Everyone knows you like cheese. Now is the time to share with your friends and put on a wine and cheese tasting party worthy of your name. Our oh-so-nice writers here at Le Cheese Geek have taken care of all the hard work. To wow the crowd you’ll need:

  1. to make a presentable, quality cheese platter
  2. to choose drinks, specifically wines that go well with your cheeses,
  3. and little “bonuses”
     

Making a presentable and quality cheese platter

Step 1: Get informed

Call your friends and ask if they have any preferences with regards to what will be on the platter. And also the
cheeses they don’t want on the platter. If you don’t get a detailed response, what do they like in general: goat cheese? blue cheese? creamy cheese?

Step 2: Choose your cheeses

Whether you get three, five or ten cheeses, one thing to keep in mind is diversity. The easiest thing to do is to choose cheeses from the different families of cheese because each will have its own distinct textures and flavors. It’s important to choose cheeses made from different kinds of milk: cow, goat, sheep…
You can also choose cheeses with different shapes and sizes to give the platter body, with different colors to make it aesthetically pleasing, or better yet play with different regional origins.

Step 3: Amount of cheese for your platter

For a wine and cheese tasting evening, about nine ounces per person will keep everyone happy, and with a little luck there will be some left over for breakfast! If you’re adding cold cut meats, adjust the amount of cheese accordingly to about five ounces. For drinks, we’ll say that one bottle is enough for three people, but you know better than we do how much you drink!

Step 4: Storing and serving cheese

We’re currently working on an article that talks about storing and serving cheese. Ideally, you want to take your cheeses out of the fridge and put them on the platter about one hour before the tasting, with the exception of hard cheeses and blue cheeses that can be taken out ten minutes beforehand.

Step 5: Garnishing your cheese platter

Articles on cheese and fruit pairings and cheese and bread pairings are on their way. But, in a nutshell, it’s better to opt for refreshing, juicy fruits that neutralize the palate between two cheeses. Try, for example, apples, pears and grapes. 
As for the bread: a traditional baguette always gets the job done. You can also add rustic multigrain bread or a bread with dried fruit and nuts for more salty cheeses.

 

Which wine to choose for your cheese platter?

An article on cheese and wine pairing is coming out shortly.

If you want to play it safe, go with a bottle of dry white wine that has mineral tones. This will go well with almost all cheeses. Strong red wines will mask the flavors of the cheese, and their tannins can create a metallic and bitter taste in your mouth.
 

The bonuses

Bonus 1: Stick little cheese markers or food flags in each cheese with the name, type of milk and region. You can also put brown paper under your cheeses and write directly on the paper with a black marker.

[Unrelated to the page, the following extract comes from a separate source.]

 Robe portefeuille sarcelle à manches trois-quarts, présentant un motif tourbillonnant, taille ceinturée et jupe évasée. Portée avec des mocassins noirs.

Bonus 2: For each cheese, encourage guests to take a couple minutes to take notes on a tasting sheet, which you can print here. Afterwords come together as a group to talk about your impressions and share your thoughts.

Bonus 3: Your wine and cheese night is an opportunity to teach! Get to know the cheeses you’re serving: the producer, the production of the cheese, the region, and little anecdotes about the cheese. Your guests will go home having learnt something. And that’s pretty cool.

We hope that your wine and cheese evening will be a success!